Clinton Cash: An update

The New York Post celebrates Madam Hillary’s rollout rerun with an update from Peter Schweizer on Clinton Cash:

Bloomberg and the Washington Post…drilled down and discovered an additional 1,100 hidden foreign Clinton Foundation donations. Since the revelation, the Foundation has only released 24 of the secret foreign donors. When will Americans see the remaining 1,076 names? Hillary hasn’t said.

And thanks to the Huffington Post, we now know that in 2014 and 2015, Hillary delivered eight speeches totaling $1.6 million in speaking fees paid for by two of the largest banks tied to the Keystone XL pipeline.
That’s in addition to the $1.8 million Bill bagged for the 10 Keystone investor-funded speeches he delivered during Hillary’s tenure as Secretary of State.
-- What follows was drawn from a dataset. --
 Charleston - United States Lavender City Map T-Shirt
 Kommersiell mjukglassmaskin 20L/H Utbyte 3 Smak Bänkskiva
Perhaps this helps explain Hillary’s reticence over the last few years to express opposition to the pipeline, much to ­environmentalists’ chagrin.

We now know 181 Clinton Foundation donors lobbied Hillary’s State Department; that the Clintons’ family foundation received millions from Qatar, as well as donations from FIFA, the soccer organization now enmeshed in a bribery and corruption scandal of global proportions; that the Clintons have a secret “pass-through” company, WJC, LLC.; that Hillary’s State Department “approved $165 billion worth of commercial arms sales to 20 nations whose governments have given money to the Clinton Foundation,” according to the International Business Times analysis.

In case you missed it, Mr. Bill appeared on CNN to offer a defense that had the air of a rerun as well. As for the generous donors who contributed to his foundation or compensated him for his speeches, he observed: “I don’t ever know what people’s motives are.” This (pseudo) rhetorical question has a familiar quality as well: “Has anybody proved that we did anything objectionable?”

If history is any guide, knowledgeable observers know that the answer to that question “depends on” something. In this case, however, Clinton answered his own question in the negative.